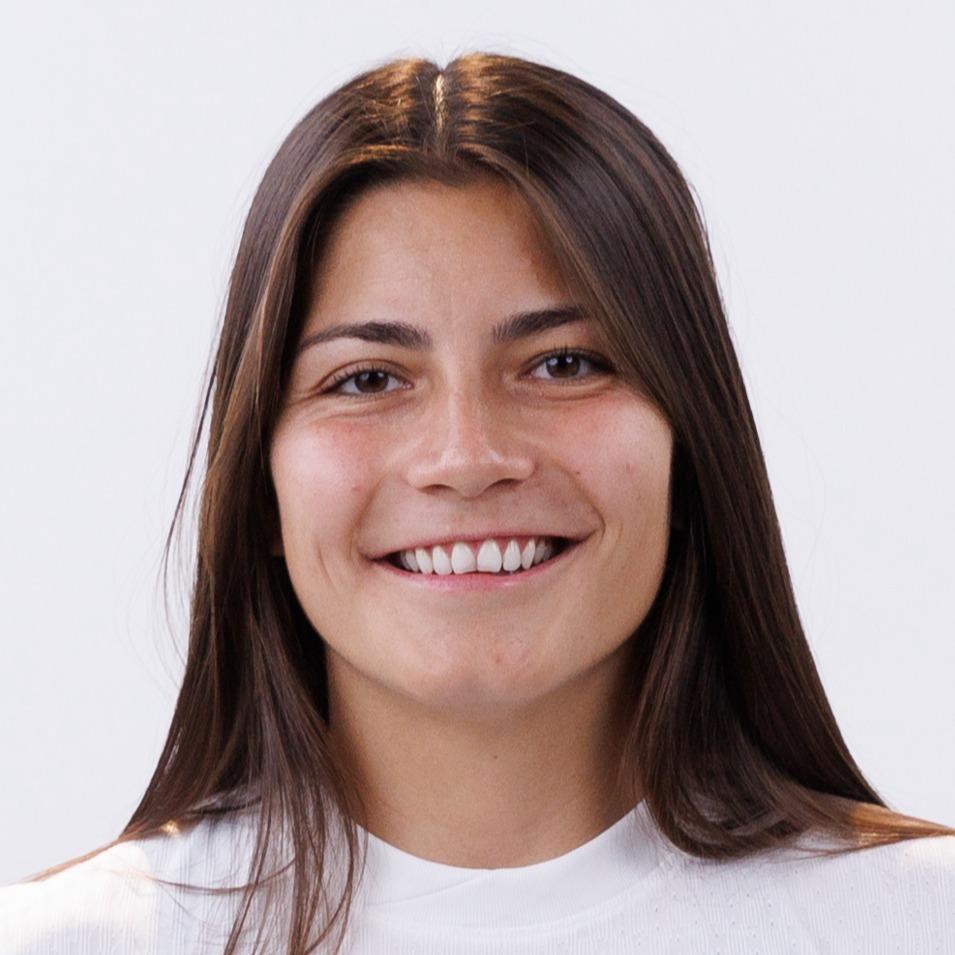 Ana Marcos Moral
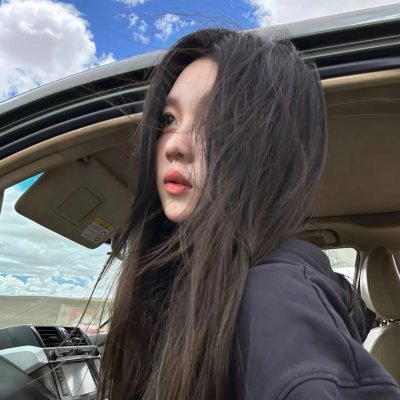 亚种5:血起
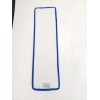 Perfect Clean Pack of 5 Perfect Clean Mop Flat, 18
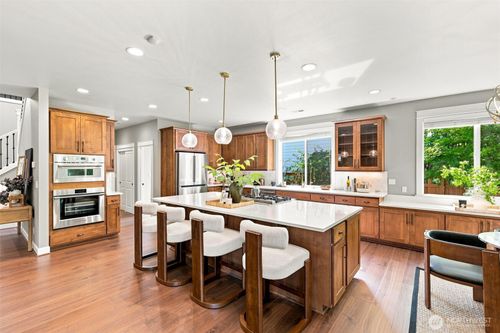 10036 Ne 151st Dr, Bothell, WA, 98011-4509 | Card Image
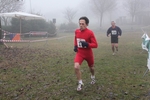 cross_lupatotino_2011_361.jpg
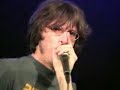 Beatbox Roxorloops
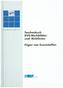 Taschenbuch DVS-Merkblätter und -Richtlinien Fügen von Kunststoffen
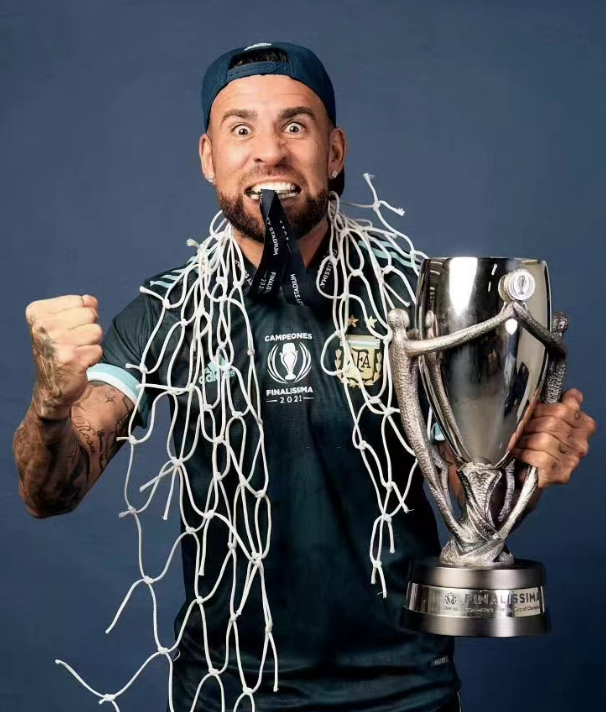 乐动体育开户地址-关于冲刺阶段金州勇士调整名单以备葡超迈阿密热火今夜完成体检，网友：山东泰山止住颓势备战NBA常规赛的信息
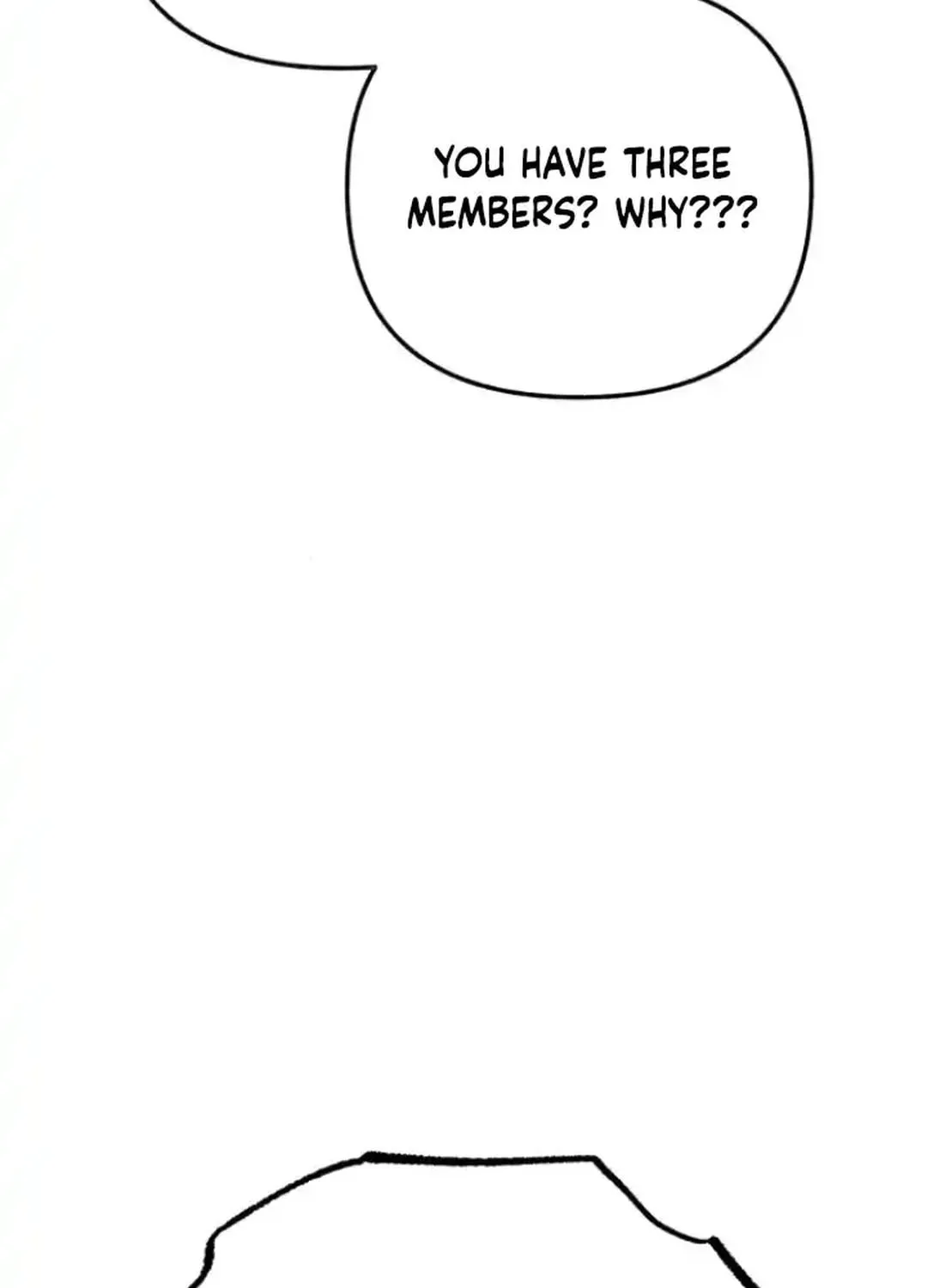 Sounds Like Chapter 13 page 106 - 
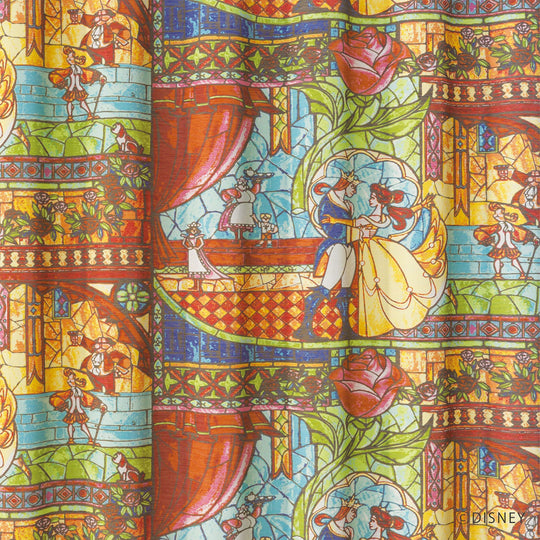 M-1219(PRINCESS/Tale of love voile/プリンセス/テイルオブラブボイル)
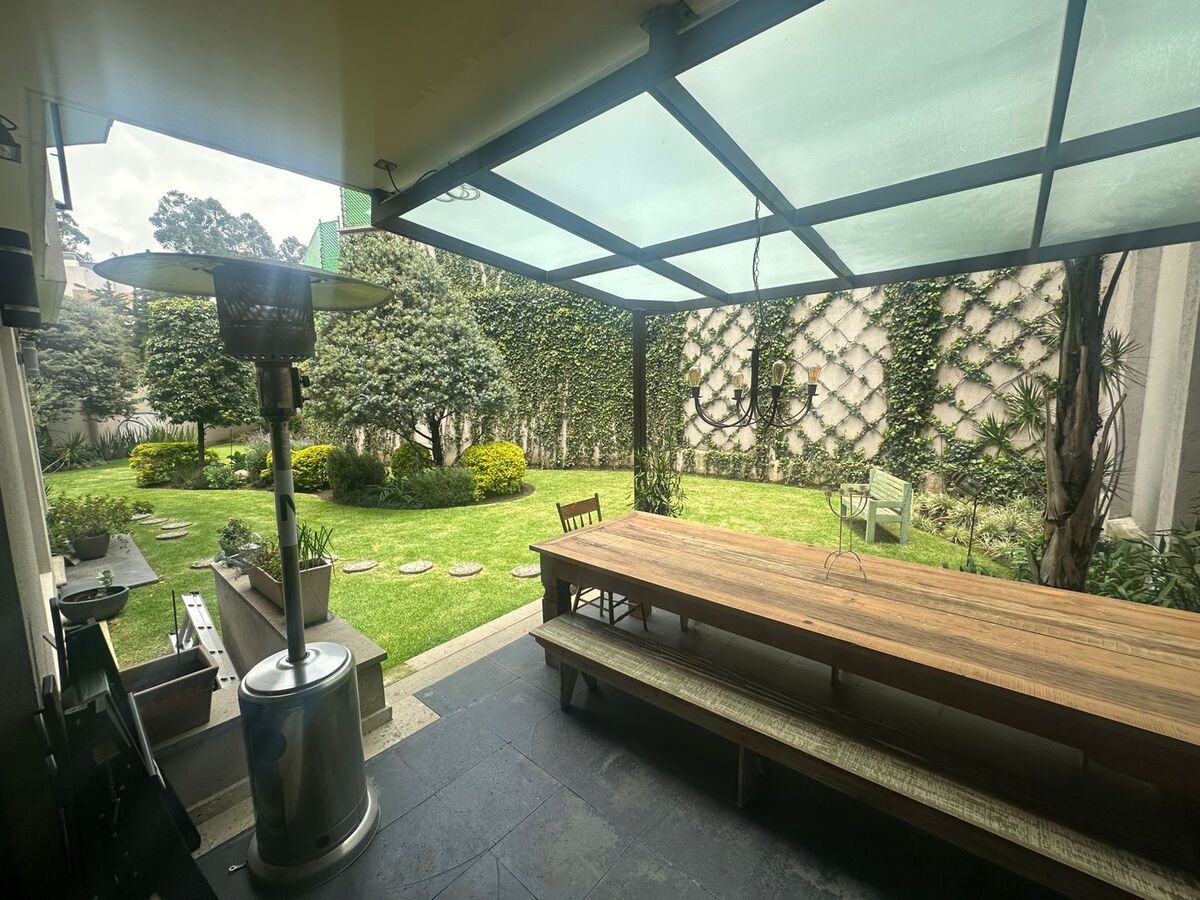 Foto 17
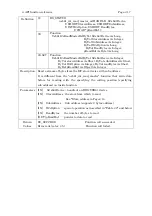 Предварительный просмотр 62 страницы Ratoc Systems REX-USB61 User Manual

To do ▸ Copy the final stretch of lines, starting at the one that holds "M-1219(PRINCESS/Tale of love" and ending at the last line of the data, exactly; omit pictures.

The answer ▸
 M-1219(PRINCESS/Tale of love voile/プリンセス/テイルオブラブボイル)
 Foto 17
 Предварительный просмотр 62 страницы Ratoc Systems REX-USB61 User Manual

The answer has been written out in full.